Pages from Norfolk's Past
    by Peggy Haile McPhillips, City Historian

The Truculent Turtle.
In late September 1946 a new milestone in aviation history was set, an 11,236-mile non-stop, non-refueled flight from Perth, Australia to Columbus, Ohio. The plane, a US Navy Neptune patrol aircraft, manufactured by Lockheed and nicknamed "Truculent Turtle," was specially fitted with extra gasoline tanks to test its capacity for long-distance flight.

The crew of four made the trip in 55 hours and 17 minutes, at an average speed of 204 mph. Their only passenger was a young kangaroo named Joey, a gift from the Australian people to the National Zoo in Washington.

The Turtle's record held for nearly 15 years, though a New York Times editor opined that the flight's significance had "no practicable application ... to commercial transport of passengers" unless such a flight could ever be accomplished at much higher speeds, with far less time spent in the air.
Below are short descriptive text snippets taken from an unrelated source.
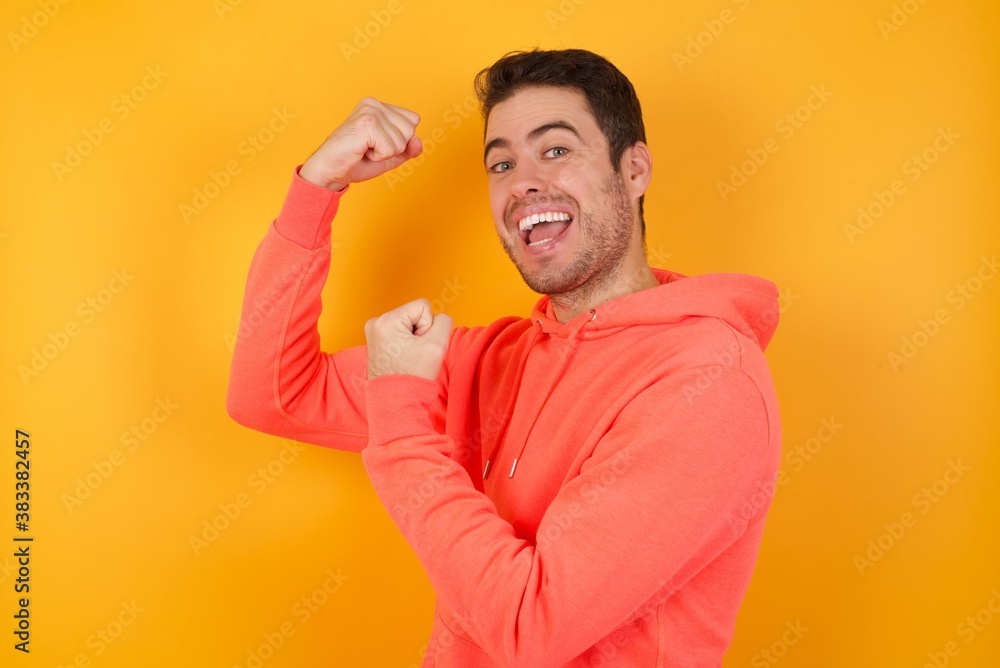 Profile photo of excited beautiful caucasian businessman wears red shirt isolated over yellow background raising fists celebrating black friday shopping Profile photo of excited beautiful caucasian businessman wears red shirt isolated over yellow background raising fists celebrating black friday shopping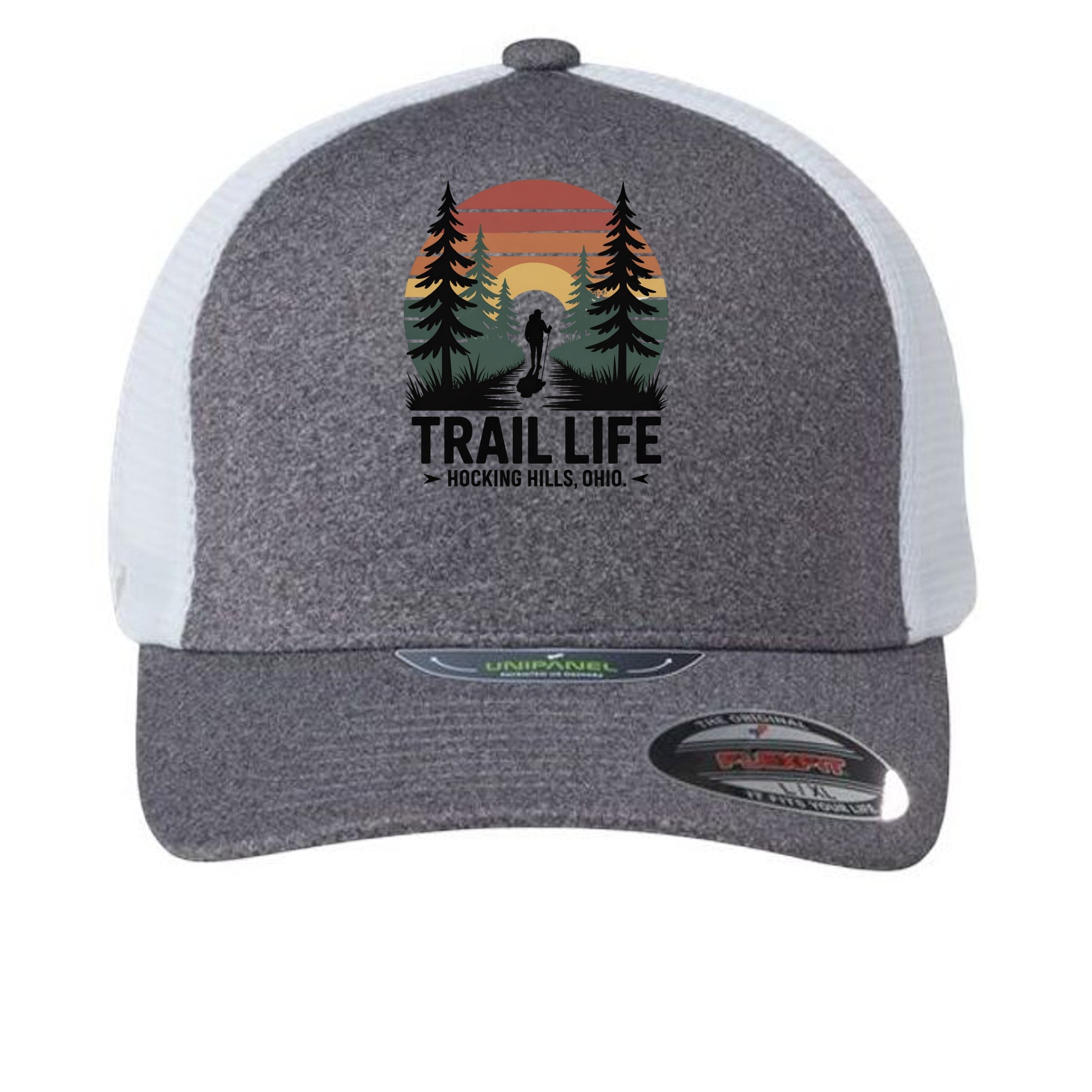 The Hocking Hills Store fitted trucker hat with a graphic of a hiker in a forest at sunset and "TRAIL LIFE" text.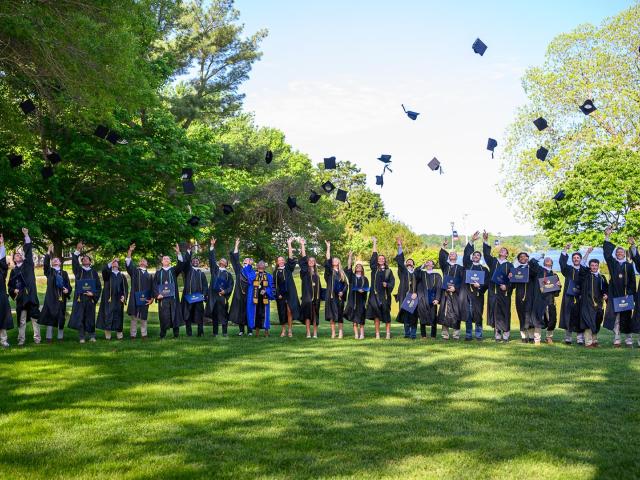 A group of graduates in caps and gowns stand on a lawn, tossing their caps into the air in celebration, surrounded by green trees under a clear sky.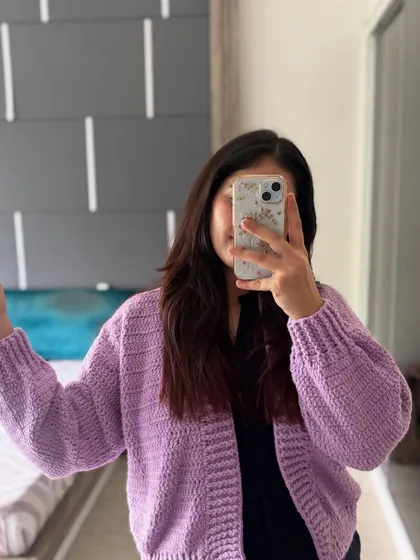 This is a mirror selfie showing the fit of our Plum Puff Cardigan in lavender. It has a comfortable, slightly oversized feel that fits a range of sizes from S to XL.
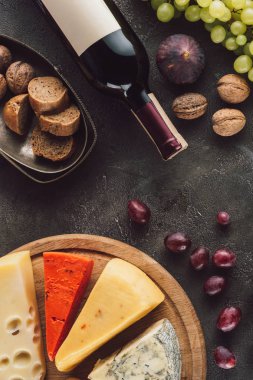 Gıda kompozisyonu şişe şarap, üzüm, ekmek parçaları ve karanlık yüzeyinde çeşitli peynir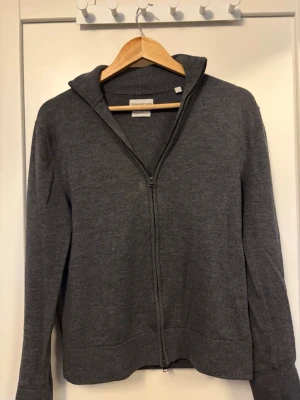 Grå stickad kofta med dragkedja - Mysig grå stickad kofta från Bread & Boxers med hel dragkedja framtill och hög krage. Perfekt för lager på lager och enkel att matcha med olika outfits. Långärmad modell i mjukt material som känns skönt mot huden.🔥🙌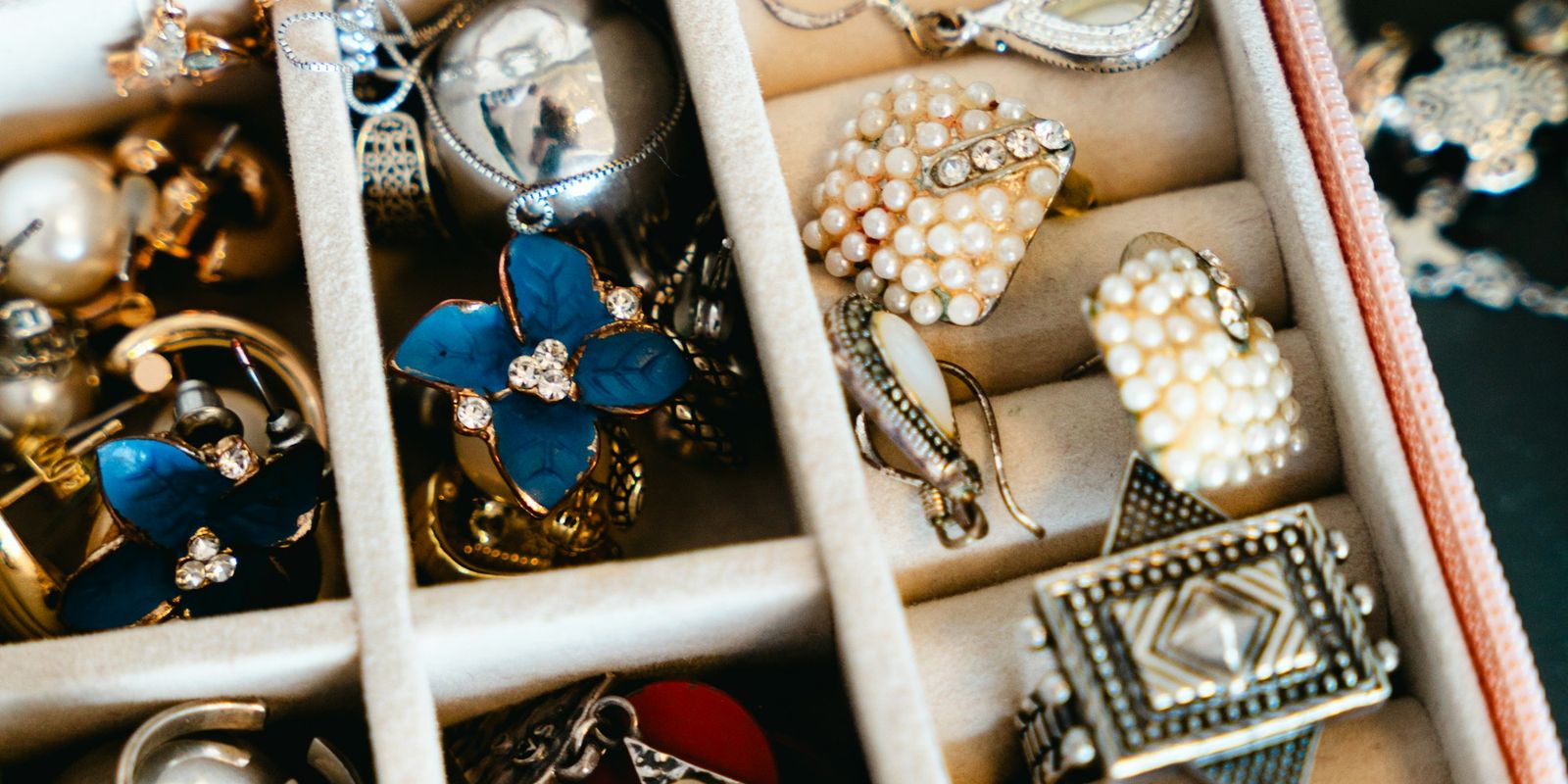 A jewellery box filled with necklaces, rings and earrings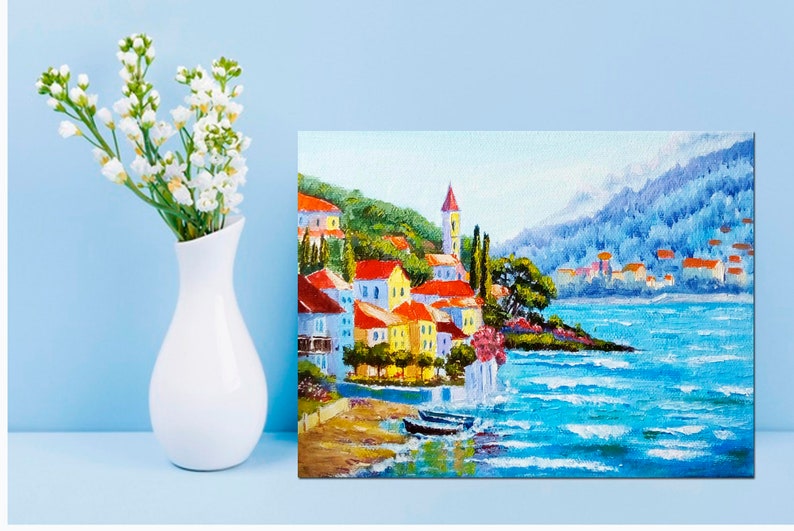 May include: A colourful painting of a seaside town with red-roofed buildings, a church steeple, and a blue ocean with whitecaps. The town is nestled on a hillside with green trees and a mountain in the background.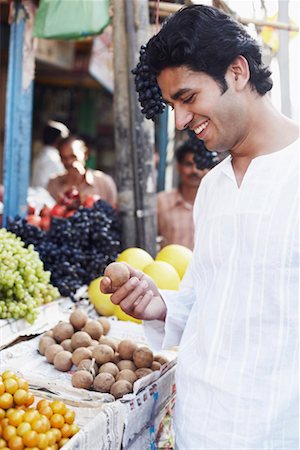 simsearch:630-01131029,k - Side profile of a young man standing at a fruit stand and holding a sapodilla Foto de stock - Royalty Free Premium, Número: 630-01131192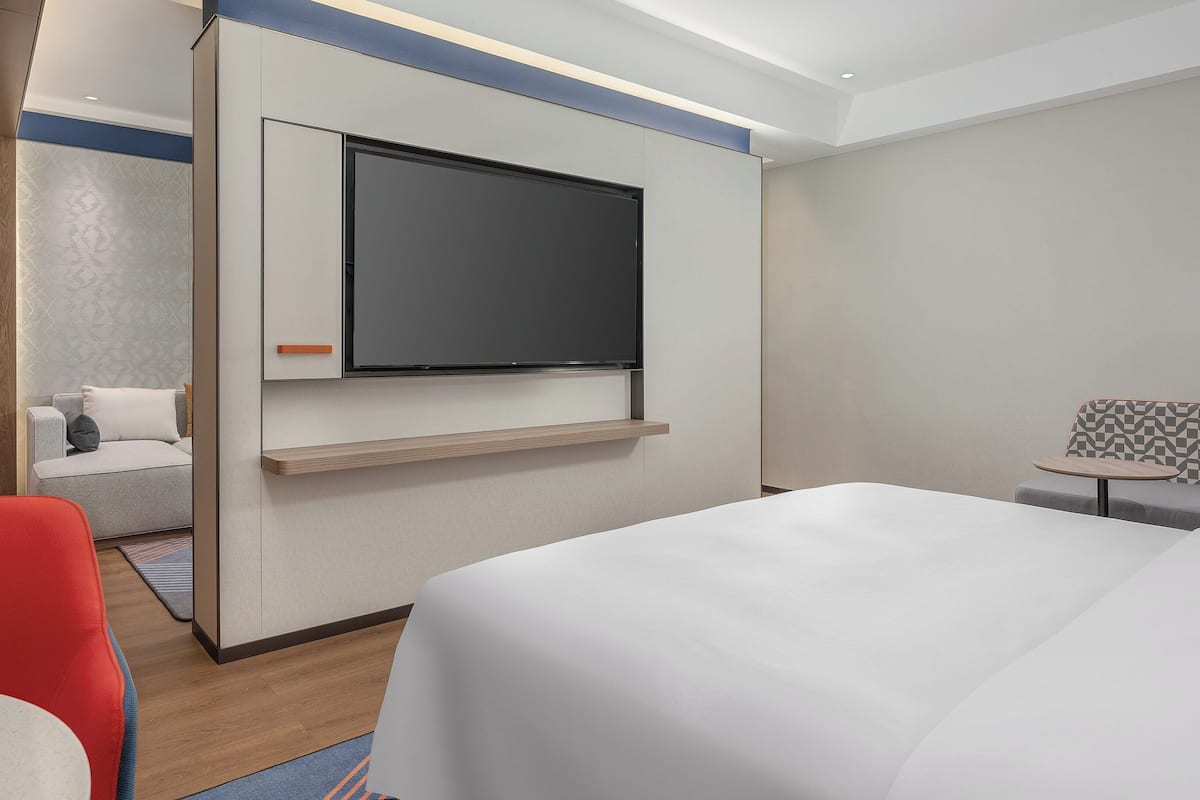 A modern hotel room with a large bed, a TV mounted on the wall, a seating area with a patterned bench, and a small table.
In the 1950s, the Turtle was put on display at the corner of Granby Street and Taussig Boulevard, where it remained a landmark for many years, until the construction of I-564 in 1967 necessitated its removal to the interior of the Naval Air Station. In 1977, the little plane was transported to a new home at the National Museum of Naval Aviation in Pensacola, Florida.